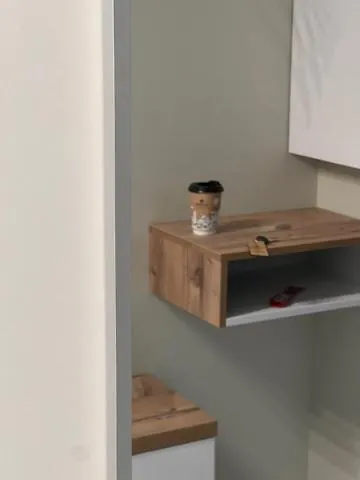 アパート Homene リヴィウ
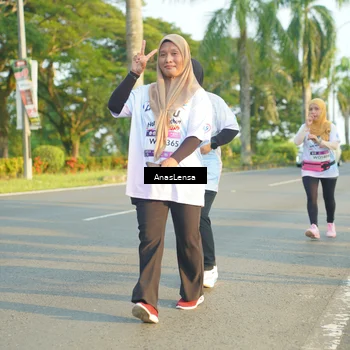 Runner Photo 7782860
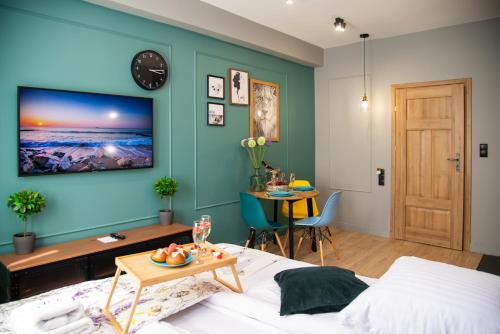 Old Town Apartment | Experience Maya's Flats & Resorts: Family-Friendly Retreat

* EXERCISE REQUIREMENTS: Write the lines out word for word, starting at the one with "Runner Photo 7782860" and stopping after the last line of the material above, with pictures excluded.

* ANSWER SECTION:
 Runner Photo 7782860
 Old Town Apartment | Experience Maya's Flats & Resorts: Family-Friendly Retreat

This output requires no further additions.